In fact, distributors have come to rely on Film Circuit as an integral part of their release strategies.
“Like every other distributor, when we acquire a film we project how much it will make in certain windows, and Film Circuit is baked into our plan,” says Tom Alexander, vice-president of theatrical sales at Mongrel Media, which has seen Film Circuit success with titles including the hit Canadian comedy I Like Movies and the British drama Living. “There’s also a dialogue between us and TIFF about movies that might perform well on the circuit that we might not have thought of.”
Each market also offers its own surprises, even if there are multiplexes not too far a drive away.
“In Ontario, Collingwood and Orillia have strong turnouts, in B.C. it’s Kelowna – you sort of never know,” says Hilary Hart, co-president of Game Theory Films, whose 2022 drama Riceboy Sleeps is still getting Film Circuit requests long after it’s been made available digitally. “Our upcoming titles like In Flames or Seagrass would be great fits as well – these are all cinephile audiences who are interested and engaged, who we wouldn’t have the bandwidth to reach otherwise.”
Some Film Circuit partners even end up evolving into film festivals themselves.
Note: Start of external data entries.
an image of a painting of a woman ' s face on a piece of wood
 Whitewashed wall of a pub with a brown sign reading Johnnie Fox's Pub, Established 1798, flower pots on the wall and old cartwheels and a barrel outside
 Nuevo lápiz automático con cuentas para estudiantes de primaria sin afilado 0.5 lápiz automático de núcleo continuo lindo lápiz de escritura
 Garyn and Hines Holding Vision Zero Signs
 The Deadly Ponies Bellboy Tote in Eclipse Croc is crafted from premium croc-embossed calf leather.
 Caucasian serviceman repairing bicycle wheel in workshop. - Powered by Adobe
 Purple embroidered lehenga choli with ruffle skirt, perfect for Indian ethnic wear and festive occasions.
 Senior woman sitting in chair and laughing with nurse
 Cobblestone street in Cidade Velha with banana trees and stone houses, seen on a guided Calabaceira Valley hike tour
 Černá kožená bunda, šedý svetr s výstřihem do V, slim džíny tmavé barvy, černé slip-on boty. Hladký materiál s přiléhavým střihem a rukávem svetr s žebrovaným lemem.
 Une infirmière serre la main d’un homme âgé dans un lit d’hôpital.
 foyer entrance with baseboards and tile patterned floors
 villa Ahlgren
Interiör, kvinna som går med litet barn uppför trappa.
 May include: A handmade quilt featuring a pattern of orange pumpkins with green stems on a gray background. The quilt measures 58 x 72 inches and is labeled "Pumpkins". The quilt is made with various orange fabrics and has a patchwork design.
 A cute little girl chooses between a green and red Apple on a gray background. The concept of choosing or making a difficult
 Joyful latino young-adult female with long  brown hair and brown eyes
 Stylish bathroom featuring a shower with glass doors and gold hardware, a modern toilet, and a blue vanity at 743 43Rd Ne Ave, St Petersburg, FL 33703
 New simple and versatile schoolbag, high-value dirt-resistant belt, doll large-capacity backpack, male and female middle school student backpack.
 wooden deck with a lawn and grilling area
“We were part of Film Circuit for 18 years and grew with them, learned from them about building relationships with distributors and filmmakers and how it all works, and now we’re here,” says executive director Vincent Georgie of the Windsor International Film Festival. “We then forged our own path forward, but absolutely with a debt due to TIFF.”
Next year will see Film Circuit reintroduce its guest-touring program, in which filmmakers and industry guests are able to travel to screenings across the country and engage with local audiences. The program’s overall expansion is financially supported by Telefilm, as well as Ontario Creates and the Ontario Arts Council.
“We’ve always said that we’re punching above our weight when it comes to the impact of the Film Circuit, especially when it comes to Canadian films. And we’d love to see more support,” says Bailey. “We want to keep people interested and curious in cinema across the country.”